Septic Joints: Any children with a red, swollen joint with or without fever and refusal to use the limb should be evaluated in Bethel. Suspected toxic synovitis should also be evaluated here and not managed in the village. Some joints can be tapped in Bethel for evaluation; several of the family practitioners and ER providers are trained in aspiration of some joints, although hip joints and other complicated joint aspirations are usually done by ortho in Anchorage. You can always consult with other providers here or with ortho in Anchorage if you are uncertain of how to manage a patient.
Skin & Soft Tissue Infections: Here in the Delta, even the simplest laceration or hangnail is much more likely to get infected. We also have very high rates of infected eczema, varicella and insect bites. Be extremely aggressive about cleaning, debriding and close follow-up, with a low threshold for using oral antibiotics. Boils are usually managed with I&D, although small pustules can be managed with frequent hot-packing and close follow-up, especially if spontaneously draining. Follow up care can be provided by our wound care specialist or physical therapy. See our boil management guideline for details and for antibiotic choices.
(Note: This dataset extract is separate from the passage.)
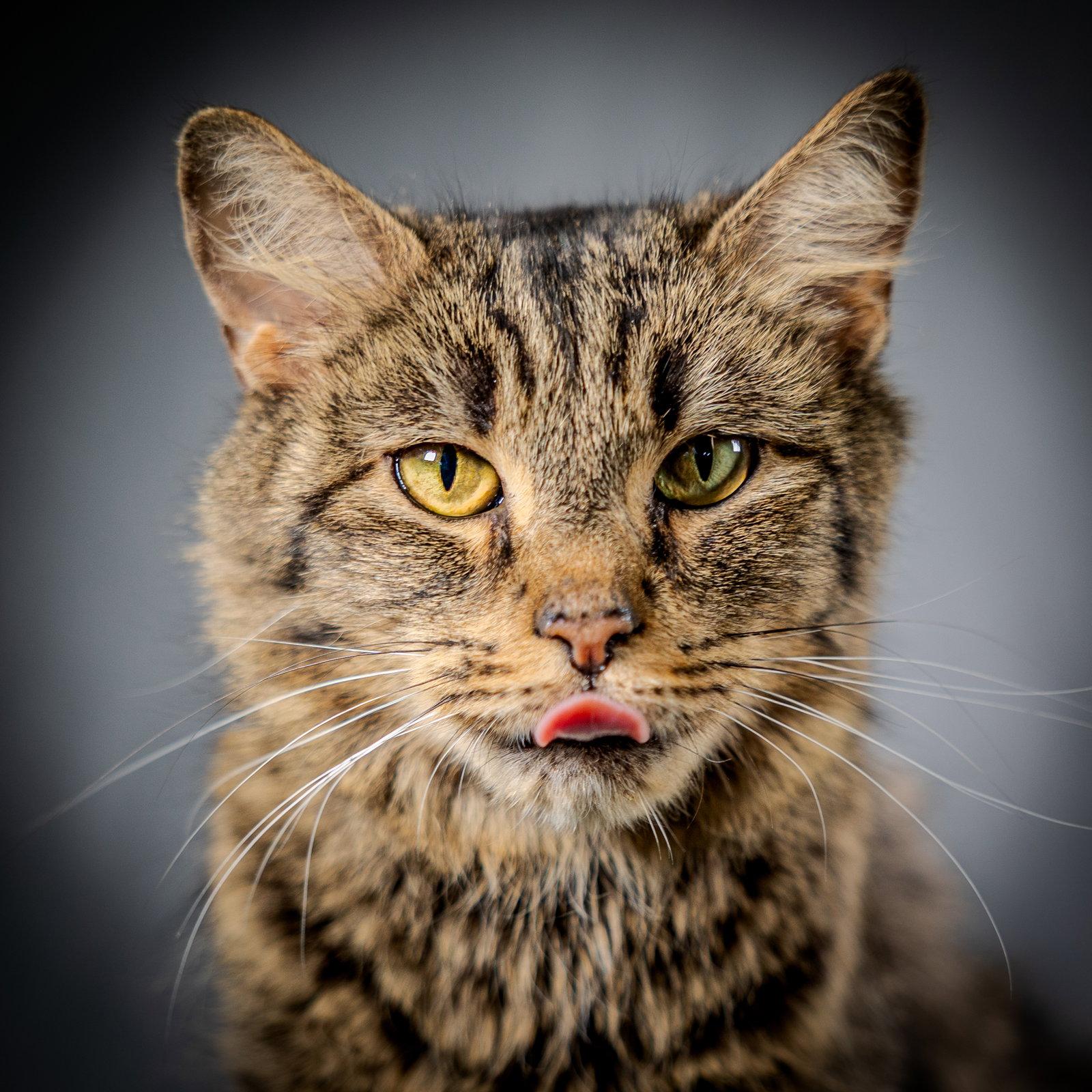 Cardamom, a Adoptable Domestic Short Hair in Herndon, VA image 3/3
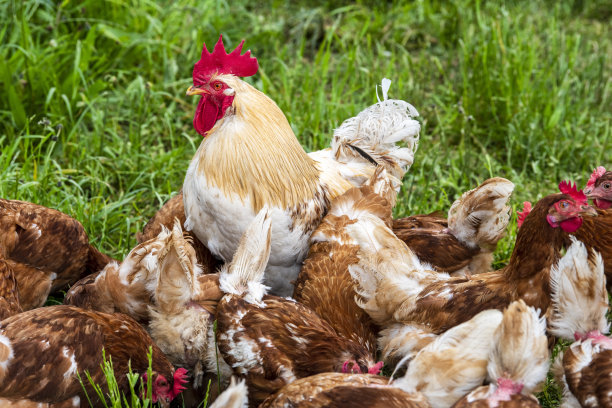 户外放养的鸡图片下载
Congenital Adrenal Hyperplasia: The Yup’ik Eskimos have the highest incidence of CAH in the world (1 in 300). CAH is caused by a deficiency of one of the enzymes in the cortisol pathway (most commonly 21 hydroxylase). In females, it presents with ambiguous genitalia and salt wasting. In males, it presents as salt wasting in infancy, and less commonly as precocious puberty in older males. These children are followed very closely by the pediatricians and are chronically treated with hydrocortisone or dexamethasone and fludrocortisone. Children with CAH need to stress-dose or double-dose their glucocorticoids (but not mineralocorticoids) with fevers, and triple-dose if having a severe illness or vomiting. If they are unable to take po steroids, most have IM hydrocortisone available in the village; when doing “CAH check-ups”, be sure to check their meds rec forms to make sure that prescriptions are up-to-date, and that the parents are familiar with stress dosing plans. Routine labs for CAH kids include 17-OHP, androstenedione and renin activity levels; we also do bone age films frequently on pre-pubertal children. The latest endocrine clinic note usually details the desired frequency of labs/films for that particular patient, and when they are due for endocrine follow-up.
Child Advocacy Center (CAC) Well Child/SART follow up: These are 60 minute appointments for evaluation of cases of child sexual abuse which are non-acute greater than 96 hours. Often these patients have been interviewed at the CAC and are presenting for physical exam. Acute exams less than 96 hours are often completed in the SART room in conjunction with the SART nurse who assists in collecting forensic data including photographs with colposcope. See guidelines for details on the process.